Chris Colfer? That guy who plays Kurt on Glee? He writes books? Yes, apparently he writes very popular books. And he was hosting a Q&A at the library. I had arrived at about 5:00, and by the time I finished browsing, it was 6:00, leaving only a half hour before this famous preteen idol would emerge onstage. I decided to stick around.
At this point, all the seats had been taken. I stood in the back, next to a middle schooler peering at the thick layer of foundation on her face with her iPhone and a boy and a girl who complained about their mothers posting their picture on Instagram. At about 6:20, another gaggle of children pushed past. About fifteen minutes later, Chris Colfer appeared, flank by security guards and waving to his adoring fans. “It’s raining Republicans and Democrats out there!” he said. I’m pretty sure that he could have said anything, and everyone would be happy to laugh along.
The Q&A only took about twenty minutes, but during that time, I learned that Chris Colfer’s literary crush is Bellatrix Lestrange; his preferred sandwich involves turkey, avocado, and provolone on white bread; and that he thinks Snow White needs to reevaluate some of her life choices. I have a feeling that he rehearsed his answers beforehand, but to his credit, he sounded at ease and earnest in front of his fans.
I didn’t stick around. As soon as Chris Colfer finished answering his last question, I slipped past the middle schoolers and walked three blocks to catch a bus that would take me north to Columbia Heights.

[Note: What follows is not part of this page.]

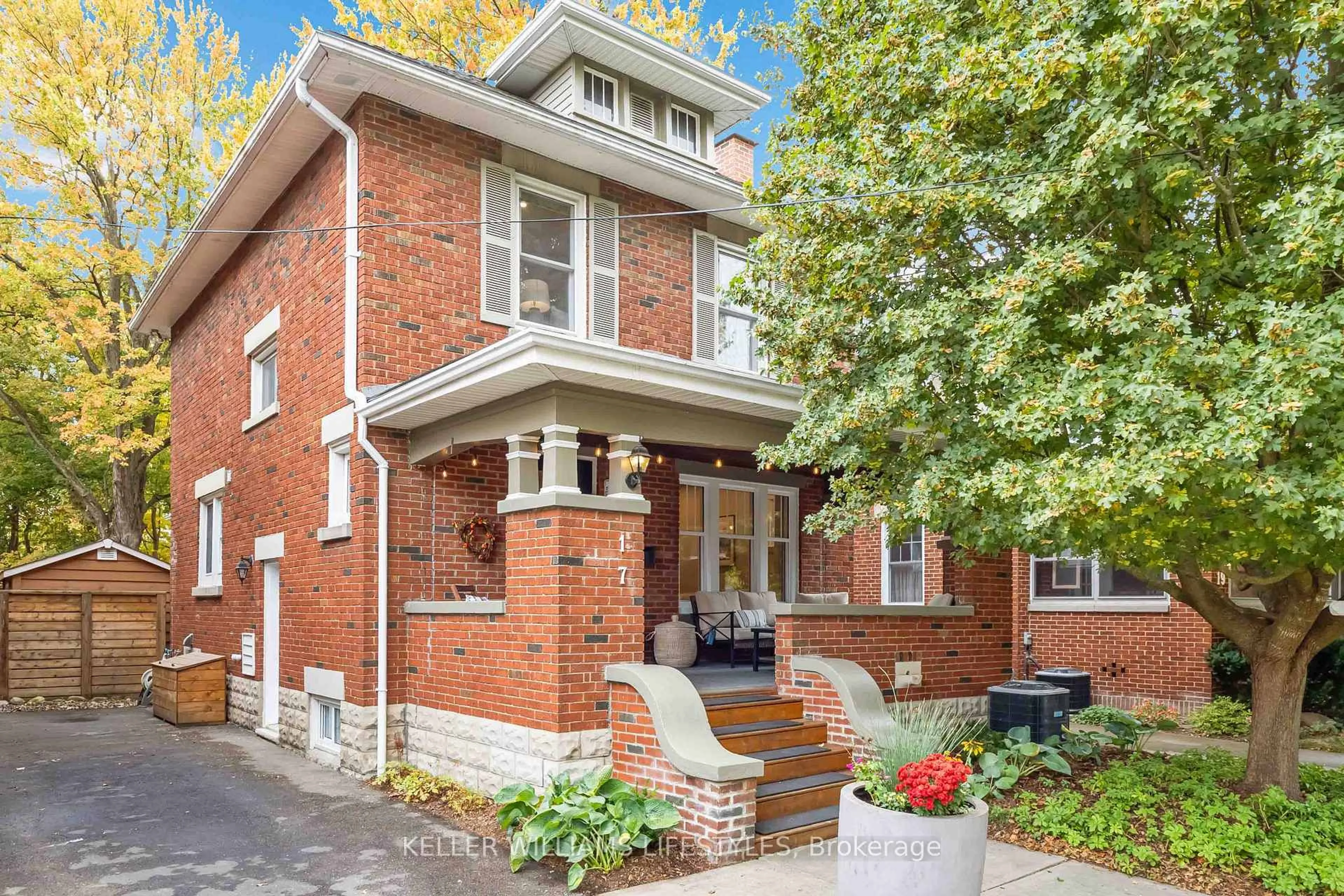 Home with brick exterior material, street for 17 Erie Ave, London South Ontario N6J 1H9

My mission to find soy sauce was complicated by a number of factors. The first problem is that I’m picky, which is nothing surprising, but I’ll be the first to tell you that the offerings at your normal grocery store just won’t do. The second problem is that Chinatown only exists in name only. The Friendship Archway is the only emblem of something that is even remotely from the eastern hemisphere of the world. Otherwise, you’ll find some cafes, a Chipotle, a Verizon store, and other retail establishments whose only claim to China is their translated signs. The third problem is that although the buses are supposed to arrive every ten minutes during rush hour, they actually materialize once every half an hour.

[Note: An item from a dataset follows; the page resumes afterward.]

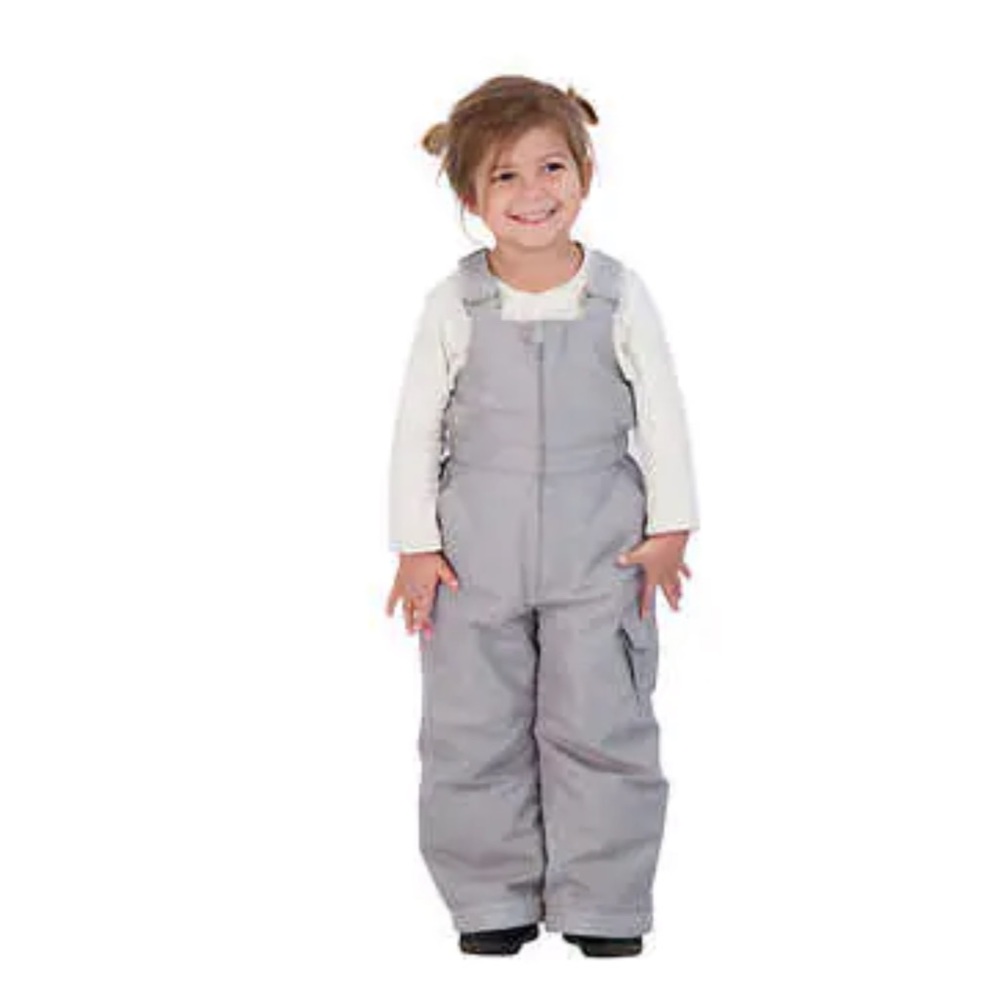 Gerry Kids' Snow Pant with Bib, Gray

Hana is a small corner store, and they did have some interesting offerings. But as a small corner store, they charged higher prices than what I expected at an Asian grocery store. And their soy sauce selection was mediocre at best (although still cheaper than your average grocery store–I suppose all was not lost). I remembered my parents being disappointed by the Chinatown in Chicago and wondered what they would say about the offerings here in DC.

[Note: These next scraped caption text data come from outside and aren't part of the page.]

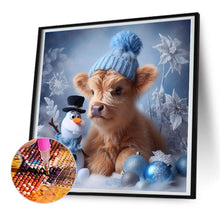 Load image into Gallery viewer, Diamond Painting - Full Round - snowman calf (30*30CM)
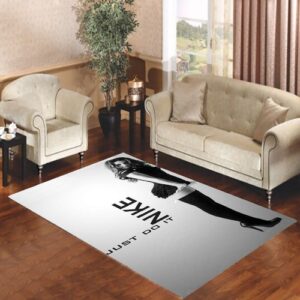 Grey Nike Girl Living room carpet rugs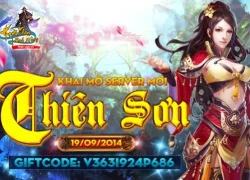 Huyền Thoại Anh Hùng tặng VIP code khủng mừng server mới Thiên Sơn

I returned home at 9:00. In my bag, I had Remainder by Tom McCarthy, The Omnivore’s Dilemma by Michael Pollan, a travel book on Japan, a Chinese grammar book, a small bottle of soy sauce, a bag of green onions, some mushrooms, and a package of wheat noodles. I also returned with a battered umbrella, seven mosquito bites that I acquired as I waited for the bus, and two pictures of Chris Colfer on my camera. As I was putting away my groceries, someone asked me how my day was. “It was good,” I replied. “I got a library card today.”